We have used the function LENGTH (returns the length of a list) here. This is the equivalent to SQL's SELECT g, COUNT(*) FROM ... GROUP BY g. In addition to LENGTH, AQL also provides MAX, MIN, SUM, and AVERAGE as basic aggregation functions.

In AQL, all aggregation functions can be run on lists only. If an aggregation function is run on anything that is not a list, an error will be thrown and the query will fail.

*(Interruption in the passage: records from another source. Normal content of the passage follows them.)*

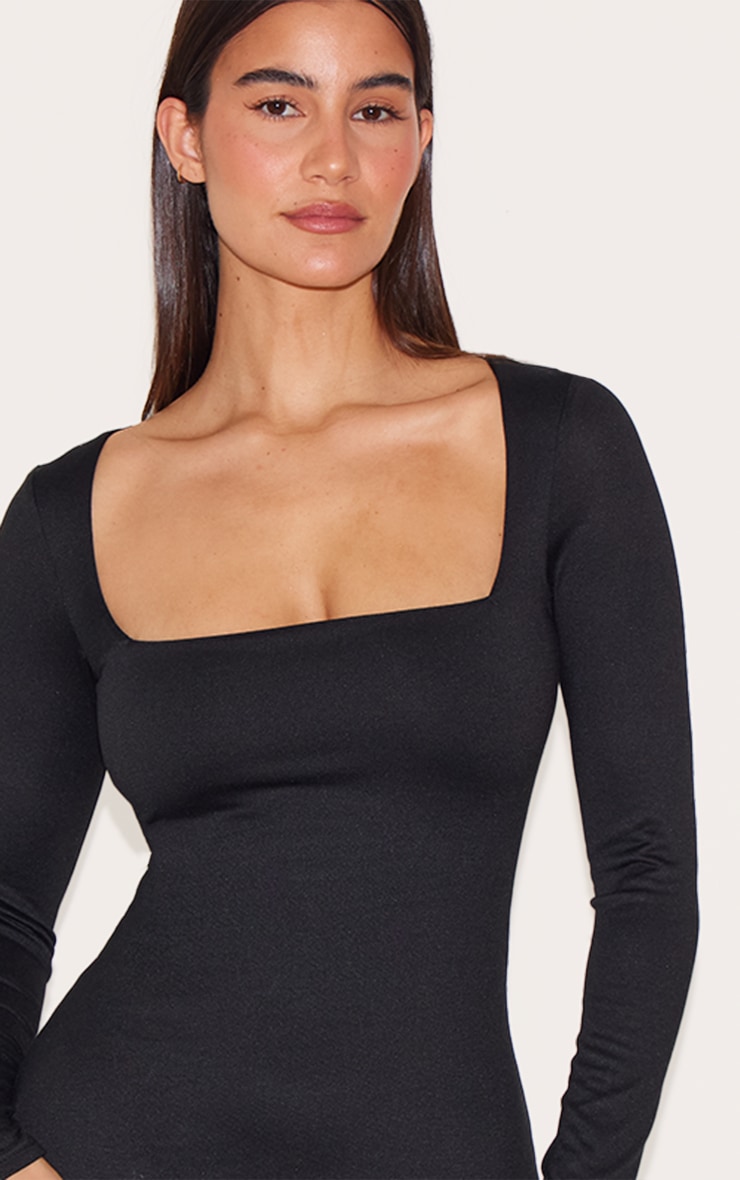 Black Double Contour Square Neck Long Sleeve Bodycon Dress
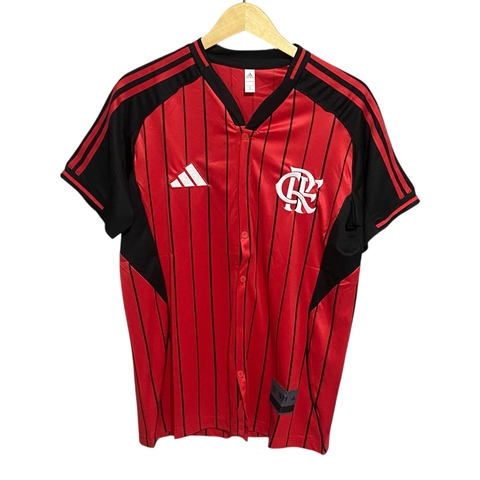 Camisa de Time Tailandesa - Flamengo Vermelho c/ Preto Modelo Beisebol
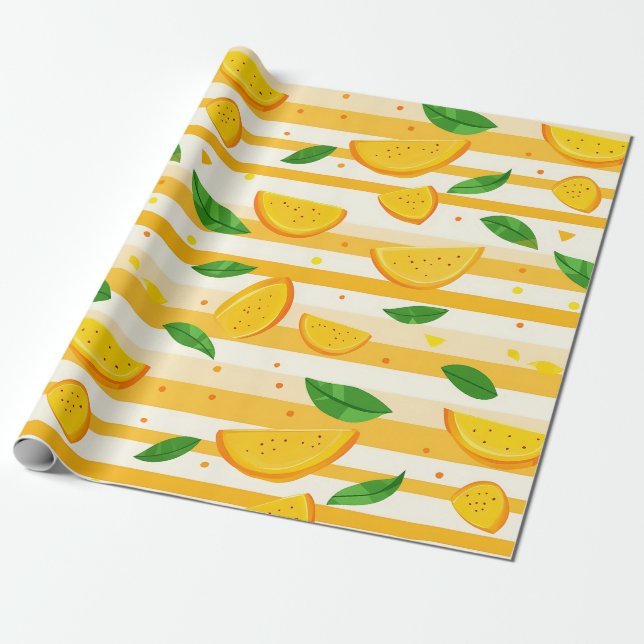 Mönster med Orange med Grönt Löv Presentpapper (Utrullad)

Post-filtering aggregated data ("Having")

To filter on the results of a grouping or aggregation operation (i.e. something similar to HAVING in SQL), simply add another FILTER clause after the COLLECT statement.

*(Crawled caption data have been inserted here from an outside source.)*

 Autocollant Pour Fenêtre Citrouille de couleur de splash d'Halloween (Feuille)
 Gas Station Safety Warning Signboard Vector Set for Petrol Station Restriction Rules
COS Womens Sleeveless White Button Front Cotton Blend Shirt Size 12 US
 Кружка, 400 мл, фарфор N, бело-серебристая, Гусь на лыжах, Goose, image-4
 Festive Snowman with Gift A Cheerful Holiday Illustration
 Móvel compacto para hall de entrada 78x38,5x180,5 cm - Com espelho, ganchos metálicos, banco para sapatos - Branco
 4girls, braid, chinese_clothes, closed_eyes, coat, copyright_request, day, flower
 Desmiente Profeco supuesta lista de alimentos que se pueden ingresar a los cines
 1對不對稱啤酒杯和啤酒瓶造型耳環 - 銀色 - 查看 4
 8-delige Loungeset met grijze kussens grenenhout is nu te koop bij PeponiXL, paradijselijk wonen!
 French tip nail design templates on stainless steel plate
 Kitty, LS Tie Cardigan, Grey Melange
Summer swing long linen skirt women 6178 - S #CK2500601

For example, to get the 3 ageGroups with the most users in them:

FOR u IN users 
  FILTER u.active == true 
  COLLECT ageGroup = FLOOR(u.age / 5) * 5 INTO group 
  LET numUsers = LENGTH(group) 
  FILTER numUsers > 2 /* group must contain at least 3 users in order to qualify */
  SORT numUsers DESC 
  LIMIT 0, 3 
  RETURN { 
    "ageGroup" : ageGroup, 
    "numUsers" : numUsers, 
    "users" : group[*].u.name 
  }

[ 
  { 
    "ageGroup" : 30, 
    "numUsers" : 8, 
    "users" : [ 
      "Abigail", 
      "Madison", 
      "Anthony", 
      "Alexander", 
      "Isabella", 
      "Chloe", 
      "Daniel", 
      "Michael" 
    ] 
  }, 
  { 
    "ageGroup" : 25, 
    "numUsers" : 4, 
    "users" : [ 
      "Mary", 
      "Mariah", 
      "Jim", 
      "Diego" 
    ] 
  }, 
  { 
    "ageGroup" : 35, 
    "numUsers" : 4, 
    "users" : [ 
      "Fred", 
      "John", 
      "Emma", 
      "Sophia" 
    ] 
  } 
]

To increase readability, the repeated expression LENGTH(group) was put into a variable numUsers. The FILTER on numUsers is the SQL HAVING equivalent.